*** Opening of GIVEN RECORDS ***
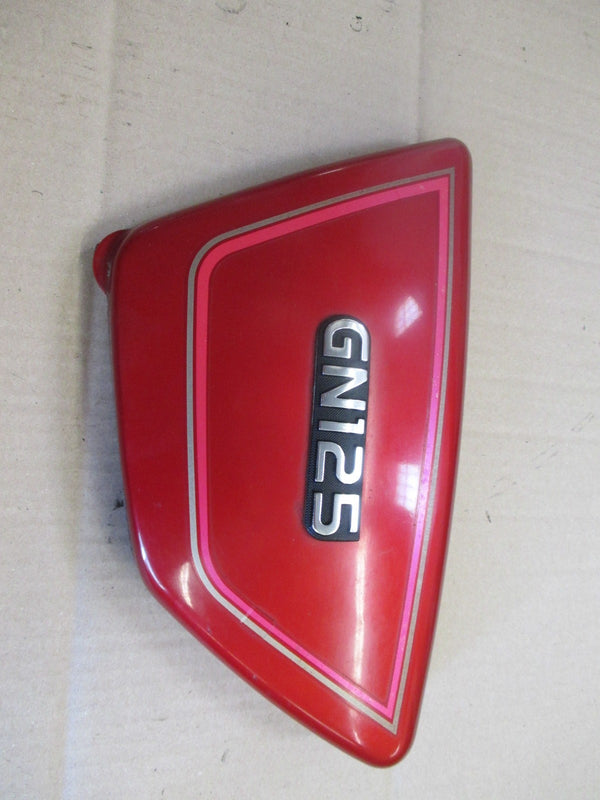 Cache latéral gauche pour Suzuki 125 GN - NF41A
*** Close of GIVEN RECORDS ***
*** Opening of GIVEN RECORDS ***
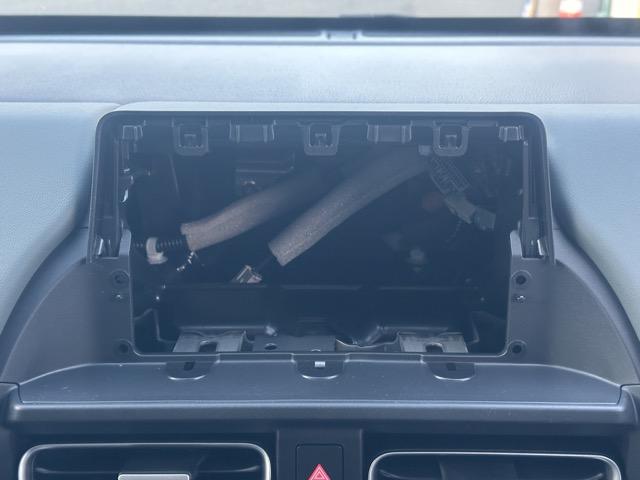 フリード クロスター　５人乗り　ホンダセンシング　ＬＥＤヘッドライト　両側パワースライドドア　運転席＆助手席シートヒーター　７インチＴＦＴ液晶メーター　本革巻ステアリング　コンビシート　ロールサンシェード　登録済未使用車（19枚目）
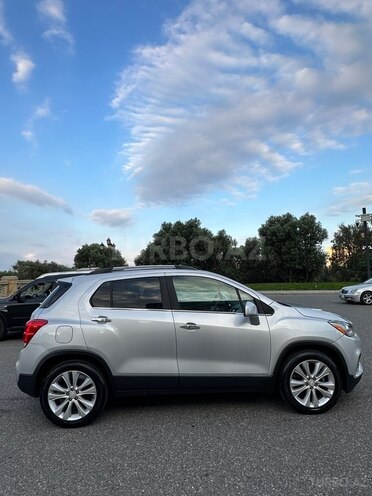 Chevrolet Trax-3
*** Close of GIVEN RECORDS ***
*** Opening of GIVEN RECORDS ***
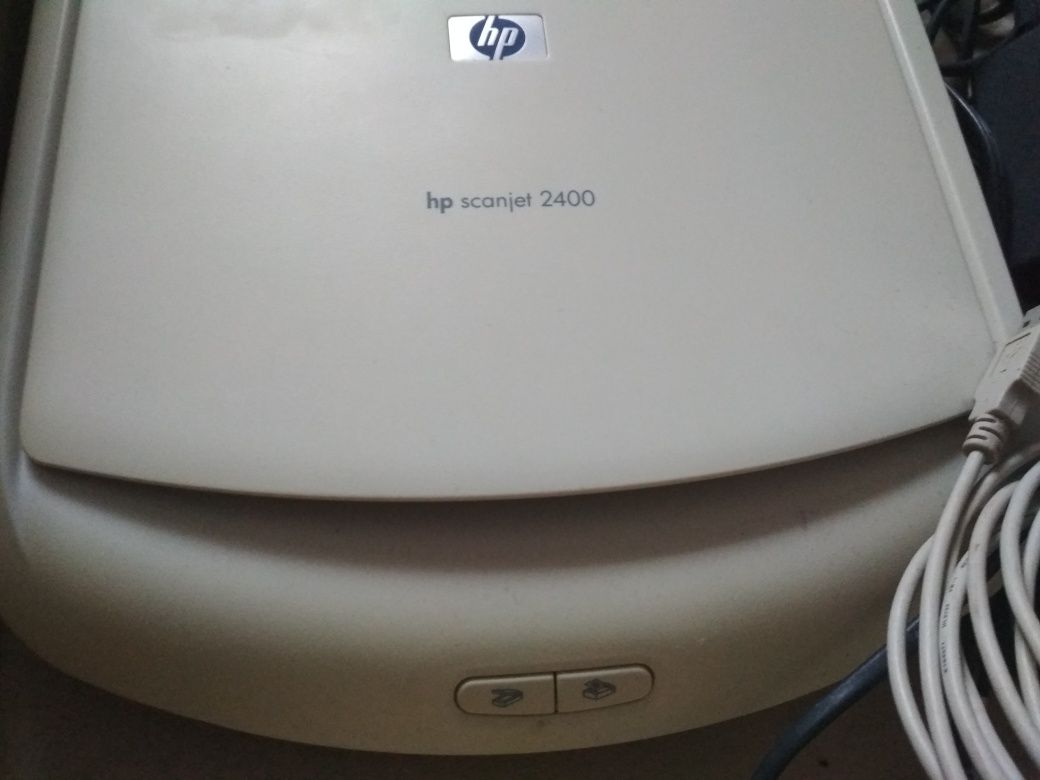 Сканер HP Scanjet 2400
*** Close of GIVEN RECORDS ***
WORK TASK:
Starting at the line with "フリード クロスター　５人乗" in the entries above, write out every line exactly until the line with "Chevrolet Trax-3" has been written. Include no pictures and nothing more.

FINAL ANSWER:
 フリード クロスター　５人乗り　ホンダセンシング　ＬＥＤヘッドライト　両側パワースライドドア　運転席＆助手席シートヒーター　７インチＴＦＴ液晶メーター　本革巻ステアリング　コンビシート　ロールサンシェード　登録済未使用車（19枚目）
 Chevrolet Trax-3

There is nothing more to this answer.